# overwhelmed by dry dog food reviews and need help! Please:)



## kelleykakes (Nov 2, 2010)

First, the dogs in need of good chow--- Cattle Dogs-- most of them mixed with something else, but we don't know what generally. They average 40lbs in weight. 
Three are permanent fixtures in our home, ranging from 2 to 5 (guessing- he's a rescue) years old. 
Along with our three, we started fostering, and ended 2011 taking in our 10th for the year. This current one is a puppy around 5 months old.






(foster pup... isn't he cute??)

So the problem is the food... about a year ago I discovered this site and due to the "top five" list, we switched our dogs to Nature's Variety. They've done well on it, and we stick with the basic "adult" version. Foster dogs get that as well, because they usually come to us with donated bags of dog food so generic there isn't even a name brand on the bag... just said "Dog Food". If we get a foster puppy, we purchase Nature's Variety for puppies.

So my question(s) finally-- after reading the latest reviews for this brand, I'm seeing a wide range of attitude towards it; most not good. It's on the low end of a lot of lists on various dog food review pages. I can't find any info on whether or not this brand has changed, or what has brought on this bunch of negative reviews. Do you all have any info on this particular brand? What are your overall thoughts on this brand? If you find it hideous, can you recommend something better that also comes in ginormous bags and will not break the bank? 

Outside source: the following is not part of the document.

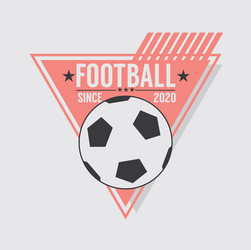 2020 soccer or football champions badge Vector Image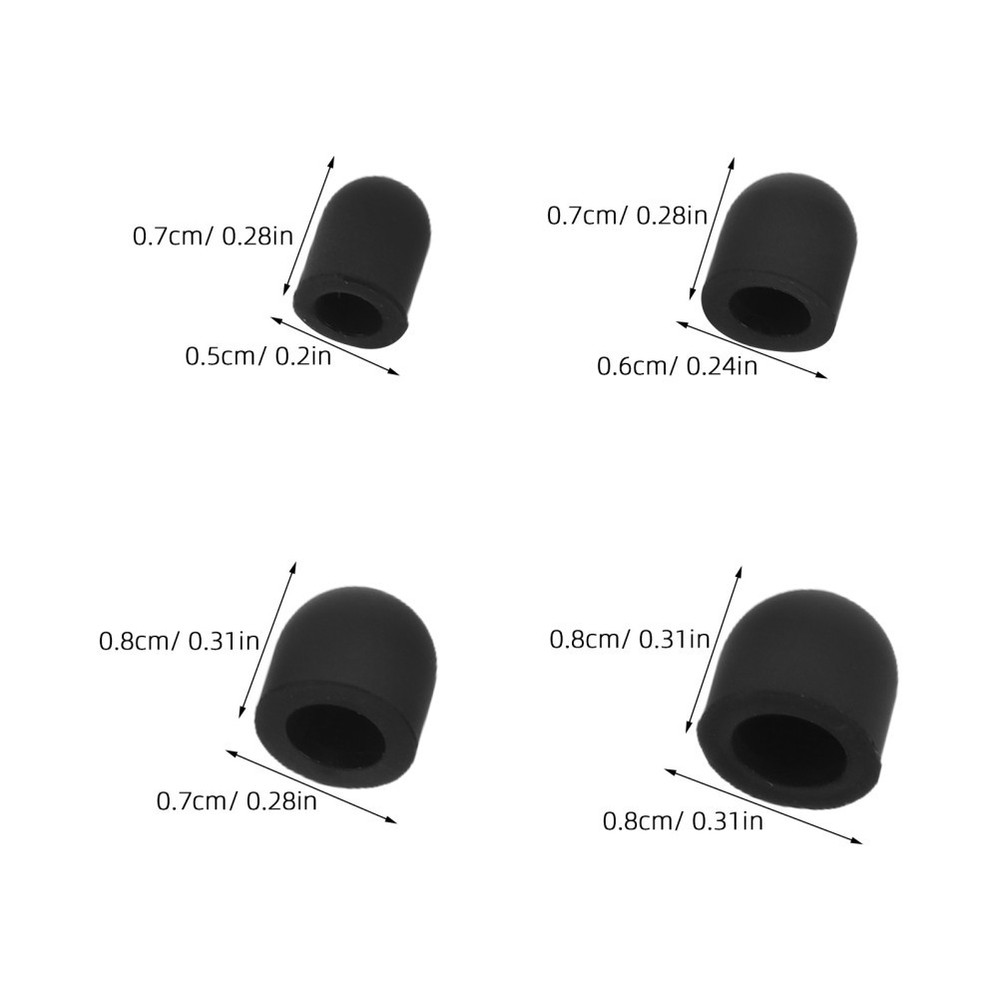 60 PCS Silicone Stylus Tips Replacement Nibs for Capacitive Pens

Living in Denver, we are surrounded by dog boutique shops, yet I've not set foot in many due to the cost of things. Am I being close-minded about purchasing dog food this way? 

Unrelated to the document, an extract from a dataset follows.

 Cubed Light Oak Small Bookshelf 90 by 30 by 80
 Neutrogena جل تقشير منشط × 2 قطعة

Also--- if you've got nothing better to do--- there's this company here that makes their own food and delivers for free-- what are your thoughts on them and their pricing? Colorado Pet Chef - Premium Dog Food - Free Delivery! 

Thank you all in advance for your patience with my rambling post and multitude of broad based questions!

Kelley


----------



## Jack Monzon (Jul 25, 2010)

Lots of people love Nature's Variety. My dog did poorly on it. I switched to California Natural, which dog-food hobbyists would likely consider inferior, and my dog did a billion times better. So for my dog, Nature's Variety is an inferior dog food to California Natural. Just like to my trainer's dog, Nature's Variety is the best food she's ever fed her Rottie. 

If your dogs are doing well on NV, there's no reason to change.

I love Australian Cattle Dogs, btw!


----------



## Unosmom (May 3, 2009)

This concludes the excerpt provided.